Jesse and Celine had had a brief affair nine years ago, when they were both traveling on the Eurail. Their encounter is the subject of an earlier Linklater film I have not seen (Before Sunrise), but not having seen the original film doesn’t diminish this one. In fact the affair had a sort of confidential intensity since Linklater doesn’t dumb down this film with gratuitous flashbacks. We aren’t necessarily party to the intimacy Jesse and Celine shared as young adults, and don’t see the acts that have left such an impression on their lives.

What we do see is the aftermath of this event, and we must reconstruct it from the importance the characters give it, the way their lives have circled this otherwise inconsequential incident.

Jesse is in Paris pushing his first novel, which is not coincidently about his one-night encounter with Celine.

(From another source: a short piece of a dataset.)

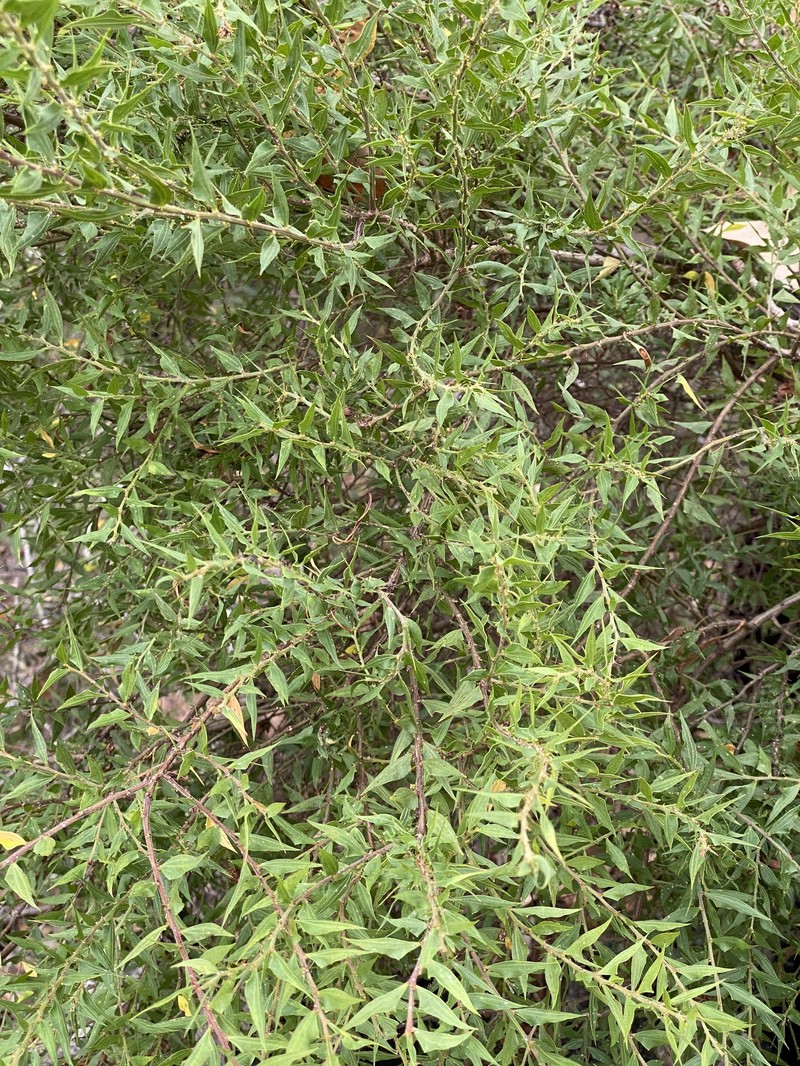 Acacia scalpelliformis photo 3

She meets him at a bookstore where he’s signing copies of the book and the pair saunter through the streets of the City of Light. They had agreed to meet after the train trip, nine years ago, but there was a tragedy in Celine’s family and prevented her from showing up. At the time they had agreed not to exchange numbers, afraid that doing so would make it feel like a trivial date.

In the years since neither has found the sort of connection they had with one another when they were both in their early 20s.

“I remember that night better than entire years,” Jessie says. His book was an existential declaration that it had happened, it was real, but it was also intended as a sort of message to let Celine know that he hadn’t forgotten her. At first she plays coy, pretending not to recall the details of their meeting, but it’s obvious that the night marked both of them for life.

Jessie and Celine rush toward one another just as time is pulling them apart. Jessie’s plane leaves that evening, and the real world seems intent of driving them apart again. They try to connect what time they have with each, digging deeper and deeper until they reach a climax.

Part My Dinner with Andre and part Lost in Translation, Before Sunset is a sweet, sometimes talky film about the moments that make up our lives. The sad fact is that life did move on, burying the people Jesse and Celine were and forcing a wedge between their adult selves, and as they talk their conversation invariably returns to that one night, in 1994, when everything was right in the world and these people had their whole lives in front of them.

Now they are in their 30s. They’ve survived disillusionment and heartbreak, but they never survived one another. When they’re debating ecology or coffee shop etiquette, they’re really avoiding discussing that day, as though it is too tender to bring up. And when they’re talking about that day they’re treading carefully, thinking perhaps that the experience is too fragile and beautiful to survive in the real world.

You can see the sparks across the table as they drink coffee. Linklater’s dialog is lively, realistic and smart, though it does occasionally become preachy. Hawke and Delpy save Before Sunset from becoming stilted and purely intellectual, like Linklater’s Waking Life. There’s real chemistry between these characters, and the cast and Linklater are smart enough to fill in the gaps left between extended soliloquies with gestures, expressions, and other nice touches.

Many of us recall Hawke as the prototypical Gen-Xer from his portrayal of cool, ironic disenfranchised young people in films like Reality Bites, but here he wears his suffering on his face. Hawke looks like he’s in his 30s, and every line on his face describe moments of pain, loss, failure and struggle. Mark this moment, boys and girls, because Before Sunset is the first Generation X, mid-life crisis film.

The fragile, scatterbrained, precocious children they were have grown into fragile, scatterbrained, precocious adults, and a part of them remains untouched. Yes, the too sensitive romantic in them has been hurt, they sting from the failures of their romantic lives, and worry that they’ve become deadened by the years, but the film is such a tender celebration of love that what we leave the theater with isn’t a feeling of regret: It’s a confirmation that every connection we make is precious.